The “healthifying” of foods is tricky though, because sometimes you end up creating something that tastes too healthy. A pie has to taste like real pie, not like a healthified version of a pie. When I take the first spoonful of a pie, I want it to taste as sweet as the pies I remember from my childhood. This pie is a healthified pie, but it tastes 100% real. The tahini caramel, whipped cream and soft crust is a melt-in-your-mouth kind of combination, and the citrus fruits give a delightful tangy flavor to balance the sweetness.

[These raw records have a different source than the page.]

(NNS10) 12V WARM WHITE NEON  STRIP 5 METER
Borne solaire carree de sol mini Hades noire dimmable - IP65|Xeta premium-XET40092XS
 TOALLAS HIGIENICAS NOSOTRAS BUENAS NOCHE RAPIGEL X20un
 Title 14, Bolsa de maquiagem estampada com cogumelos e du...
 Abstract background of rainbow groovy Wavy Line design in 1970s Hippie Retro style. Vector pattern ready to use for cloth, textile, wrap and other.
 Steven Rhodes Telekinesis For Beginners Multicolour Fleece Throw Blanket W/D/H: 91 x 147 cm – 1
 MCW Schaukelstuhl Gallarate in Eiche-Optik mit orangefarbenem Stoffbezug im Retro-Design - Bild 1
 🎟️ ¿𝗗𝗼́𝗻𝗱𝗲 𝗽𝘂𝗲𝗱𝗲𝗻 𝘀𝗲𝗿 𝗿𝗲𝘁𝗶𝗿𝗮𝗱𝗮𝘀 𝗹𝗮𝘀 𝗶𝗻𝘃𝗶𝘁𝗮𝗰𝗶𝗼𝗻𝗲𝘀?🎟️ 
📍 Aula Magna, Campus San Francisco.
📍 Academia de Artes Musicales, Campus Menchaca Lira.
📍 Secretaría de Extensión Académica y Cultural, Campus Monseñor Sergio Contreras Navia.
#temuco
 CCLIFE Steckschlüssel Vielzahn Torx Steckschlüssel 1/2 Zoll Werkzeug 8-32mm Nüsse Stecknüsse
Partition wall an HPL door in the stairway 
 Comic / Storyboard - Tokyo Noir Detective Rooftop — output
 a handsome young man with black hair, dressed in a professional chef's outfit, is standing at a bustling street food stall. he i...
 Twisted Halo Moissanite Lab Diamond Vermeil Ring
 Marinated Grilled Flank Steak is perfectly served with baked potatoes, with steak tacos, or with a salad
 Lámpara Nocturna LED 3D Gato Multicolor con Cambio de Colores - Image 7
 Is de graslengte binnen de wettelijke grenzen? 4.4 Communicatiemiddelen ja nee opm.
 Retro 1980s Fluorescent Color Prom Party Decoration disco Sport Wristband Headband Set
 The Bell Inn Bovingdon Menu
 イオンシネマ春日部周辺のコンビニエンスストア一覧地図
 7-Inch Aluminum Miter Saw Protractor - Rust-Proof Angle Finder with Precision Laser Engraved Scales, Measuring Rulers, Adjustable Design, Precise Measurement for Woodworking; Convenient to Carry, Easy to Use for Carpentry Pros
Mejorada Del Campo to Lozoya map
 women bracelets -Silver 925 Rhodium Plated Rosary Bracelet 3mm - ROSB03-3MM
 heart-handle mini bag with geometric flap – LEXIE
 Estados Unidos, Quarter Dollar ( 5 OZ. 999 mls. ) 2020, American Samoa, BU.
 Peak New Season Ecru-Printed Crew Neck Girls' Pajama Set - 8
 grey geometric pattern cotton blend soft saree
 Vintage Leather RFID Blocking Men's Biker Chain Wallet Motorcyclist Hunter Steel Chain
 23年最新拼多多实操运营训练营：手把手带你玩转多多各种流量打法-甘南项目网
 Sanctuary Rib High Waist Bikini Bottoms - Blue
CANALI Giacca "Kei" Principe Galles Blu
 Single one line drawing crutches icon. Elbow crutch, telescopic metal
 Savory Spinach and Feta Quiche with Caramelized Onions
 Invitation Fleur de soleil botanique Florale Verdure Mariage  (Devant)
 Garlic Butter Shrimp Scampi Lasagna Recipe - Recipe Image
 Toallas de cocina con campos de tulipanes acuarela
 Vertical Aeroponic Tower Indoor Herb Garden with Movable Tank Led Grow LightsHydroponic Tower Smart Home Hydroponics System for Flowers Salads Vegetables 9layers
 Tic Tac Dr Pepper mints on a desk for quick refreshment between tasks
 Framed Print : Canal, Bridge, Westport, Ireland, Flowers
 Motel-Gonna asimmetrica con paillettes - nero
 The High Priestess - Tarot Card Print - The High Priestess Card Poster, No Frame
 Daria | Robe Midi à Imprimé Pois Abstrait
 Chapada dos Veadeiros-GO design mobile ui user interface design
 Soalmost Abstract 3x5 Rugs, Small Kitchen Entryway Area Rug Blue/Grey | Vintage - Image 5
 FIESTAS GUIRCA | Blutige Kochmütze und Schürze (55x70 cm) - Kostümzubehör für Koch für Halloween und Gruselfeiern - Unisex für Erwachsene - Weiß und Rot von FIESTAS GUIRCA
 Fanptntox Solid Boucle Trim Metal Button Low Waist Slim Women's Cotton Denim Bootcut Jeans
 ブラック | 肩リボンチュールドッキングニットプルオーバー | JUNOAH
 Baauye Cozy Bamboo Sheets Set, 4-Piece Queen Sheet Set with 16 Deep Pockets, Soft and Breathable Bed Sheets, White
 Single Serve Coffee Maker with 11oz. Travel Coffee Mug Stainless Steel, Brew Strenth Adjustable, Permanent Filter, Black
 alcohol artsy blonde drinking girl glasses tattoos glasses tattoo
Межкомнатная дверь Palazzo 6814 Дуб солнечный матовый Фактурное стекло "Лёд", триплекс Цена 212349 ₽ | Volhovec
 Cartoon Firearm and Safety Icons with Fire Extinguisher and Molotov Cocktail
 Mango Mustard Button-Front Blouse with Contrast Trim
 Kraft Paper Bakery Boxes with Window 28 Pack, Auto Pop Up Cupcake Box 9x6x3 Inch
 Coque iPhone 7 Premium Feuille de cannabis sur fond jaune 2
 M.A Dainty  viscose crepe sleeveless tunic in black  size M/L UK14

This pie is a winter version of my first recipe on the blog: blueberry pie with whipped coconut cream, which I baked a lot last summer. What makes this pie taste of winter are the juicy fresh citrus fruits, which are in season now. This pie is an excellent example of seasonal baking as you can modify the toppings according to the season. There’s something wintery also in the flavorful tahini caramel sauce, which is spread on top of the crust. I will definitely try this caramelly spread on top of my summer pie as well. With fresh berries I’m sure it tastes as delicious as this citrus creation. So, if you have an extra 30 minutes, what are you waiting for – take out your apron (everyone has a baking apron, right?!) and start baking 🙂
- Pie crust
- ½ cup oat flour
- ½ cup rice flour (I use white rice flour)
- 2 tbsp coconut sugar
- ½ tsp Ceylon cinnamon
- ¼ tsp Himalayan salt (or other good quality salt)
- 3 tbsp coconut oil, melted
- 3,5 tbsp cold water
- Tahini caramel
- 8 pitted dates
- 4 tbsp plant based milk (I used oat milk)
- 1 tbsp tahini (I use a slightly salted version)
- ½ tsp Ceylon cinnamon
- ⅛ tsp vanilla powder
- If the tahini is not salted, add a pinch of Himalayan salt (or other quality salt)
- Whipped cream
- ~ 1 cup plant-based whipped cream (I have used coconut cream, oat cream and soy cream, and they all taste delicious)
- ¼ tsp Ceylon cinnamon
- ⅛ tsp vanilla powder
- 1 tsp maple syrup (if using unsweetened cream like coconut cream)
- ~1/2 cup small pieces of citrus fruits of choice: oranges, blood oranges, lime, lemon, pink grape fruit, pomelo.
- A sprinkle of coconut sugar on top (especially good when using tangy lime and lemon)
- Pie crust: Preheat oven to 180C/360F.
- Combine together dry ingredients: oat flour, rice flour, coconut sugar, cinnamon and salt.
- Add melted coconut oil and mix well with a spoon until crumble like consistency reached (at this point the dough is very crumbly).
- Add cold water 1 tbsp at a time and mix well until the batter can be rolled into a ball. The batter will still be crumbly but firm enough to press into a baking tin.
- Press batter into a small (~18 cm / 7 inch) lightly greased baking tin. I used two small heart-shaped ones and a little bit of coconut oil for greasing.
- Bake for 10 minutes until crust turns golden brown. If you're using a larger (~20 cm / 8 inch) baking tin, the baking time should be less (as the crust is thinner), ~8 minutes. Try to make sure that the crust doesn't become dry. Two small baking tins work well as the crust is quite thick, and it stays soft.
- While the pie is in the oven, whip up your plant-based cream and tahini caramel sauce.
- Tahini caramel sauce: blend all ingredients in a food processor or high-speed blender until a smooth paste like consistency reached.
- Whipped cream: if you're using coconut milk, take coconut milk can out of the fridge, scoop out the stiffened creamy part, add sweetener, vanilla and cinnamon and beat with a hand mixer until fluffy and creamy. If you're using soy or oat cream which is already sweet, just whip it up with a hand mixer and add vanilla and cinnamon.
- Let pie crust cool for a while and spread the tahini caramel paste and fluffy whipped cream on top.
- Add small pieces of citrus fruit on top and sprinkle some coconut sugar.